DESCRIPTION OF THE TASK: Only the pictures are to be left out, and the rest of the entries should be reproduced exactly.

[Records from a data source]
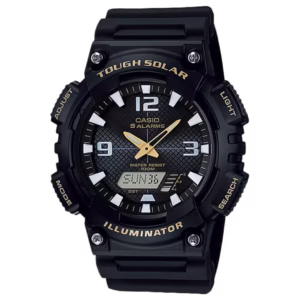 Casio AQ-S810W-1B Timeless black matte resin round ana-digi solar sport men's watch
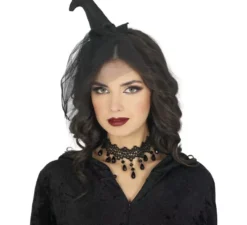Mini cappello da strega nero con velo nero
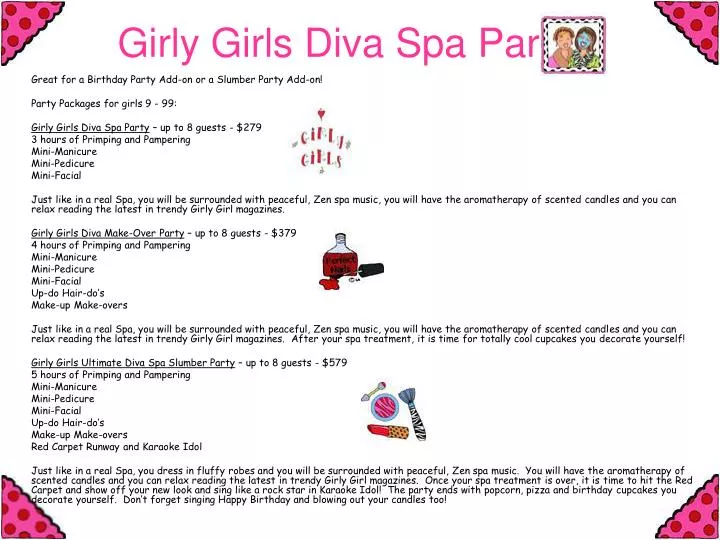 girly girls diva spa parties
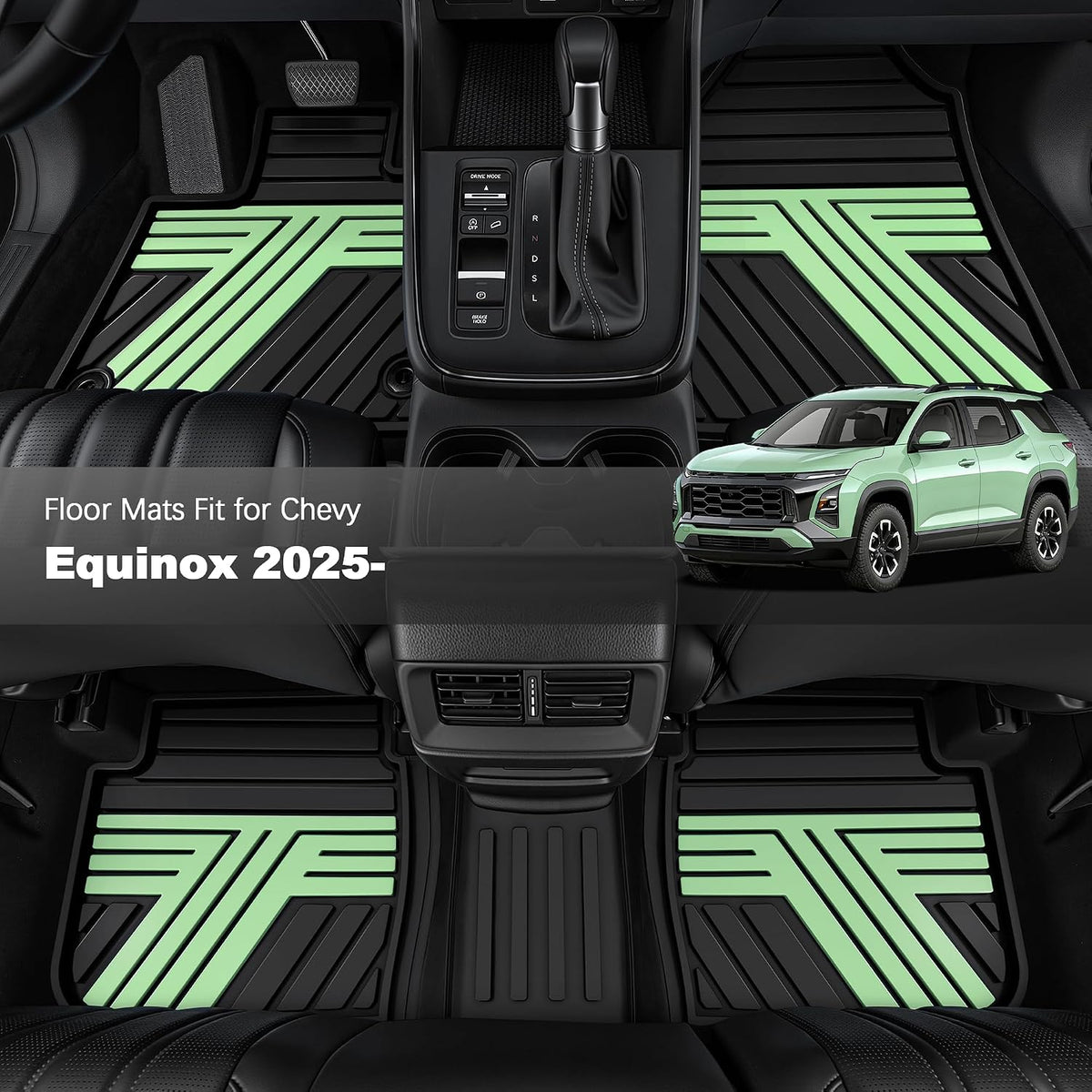 TTX LIGHTING Floor Mats for Chevy Equinox & GMC Terrain 2025-2026, Green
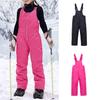 Детские комбинезоны для снега, лыжные штаны с регулируемыми ремнями, утепленные водонепроницаемые зимние комбинезоны, ветрозащитные комбинезоны для зимних видов спорта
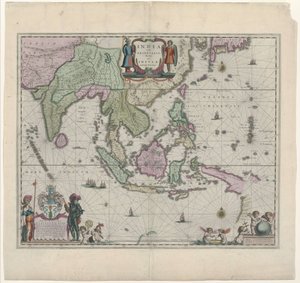 Een 17e-eeuwse kaart door Willem Janszoon Blaeu, die het huidige Indonesië en delen van Zuidoost-Azië toont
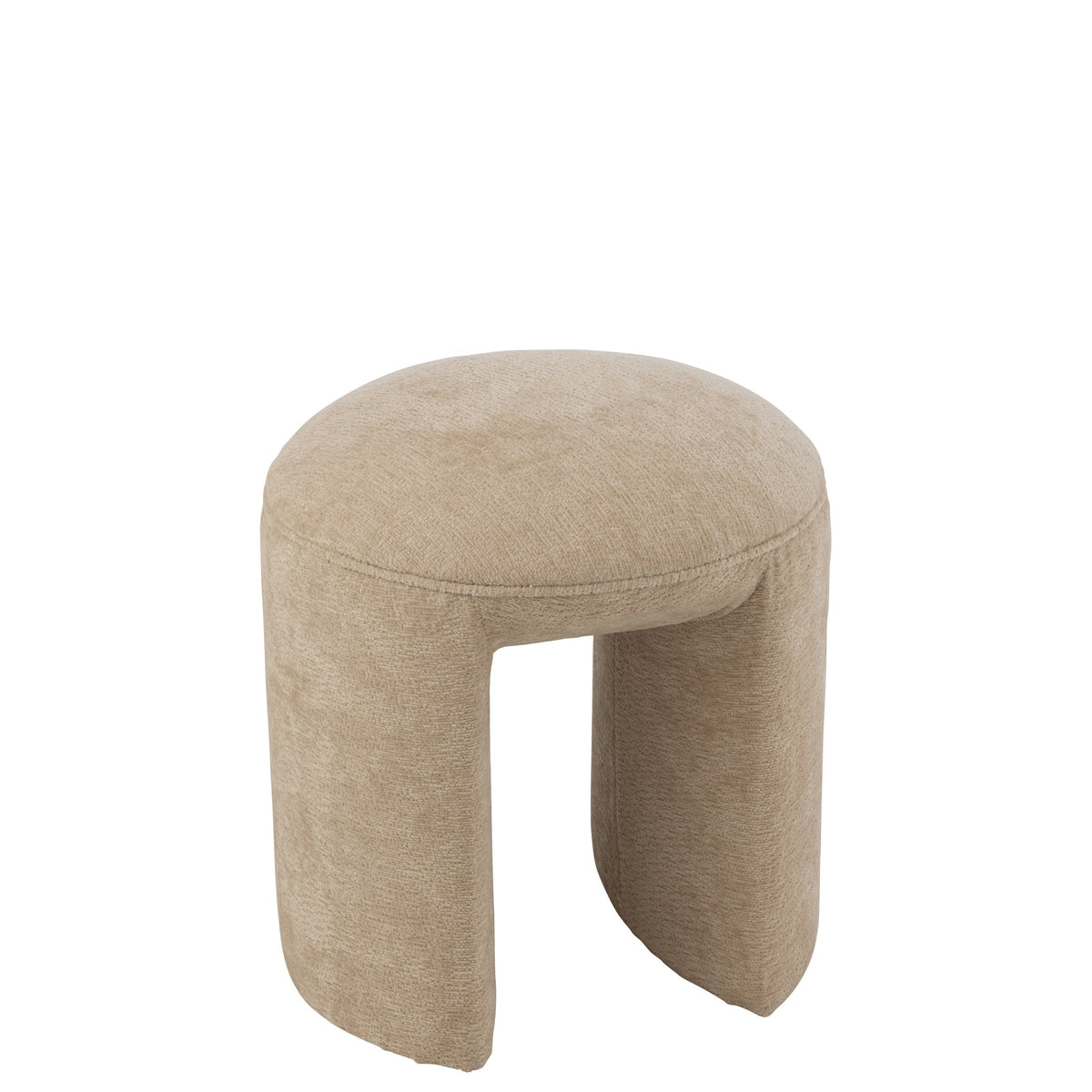 Kruk Rond Textiel Beige J-Line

OUTPUT:
 Casio AQ-S810W-1B Timeless black matte resin round ana-digi solar sport men's watch
Mini cappello da strega nero con velo nero
 girly girls diva spa parties
 TTX LIGHTING Floor Mats for Chevy Equinox & GMC Terrain 2025-2026, Green
 Детские комбинезоны для снега, лыжные штаны с регулируемыми ремнями, утепленные водонепроницаемые зимние комбинезоны, ветрозащитные комбинезоны для зимних видов спорта
 Een 17e-eeuwse kaart door Willem Janszoon Blaeu, die het huidige Indonesië en delen van Zuidoost-Azië toont
 Kruk Rond Textiel Beige J-Line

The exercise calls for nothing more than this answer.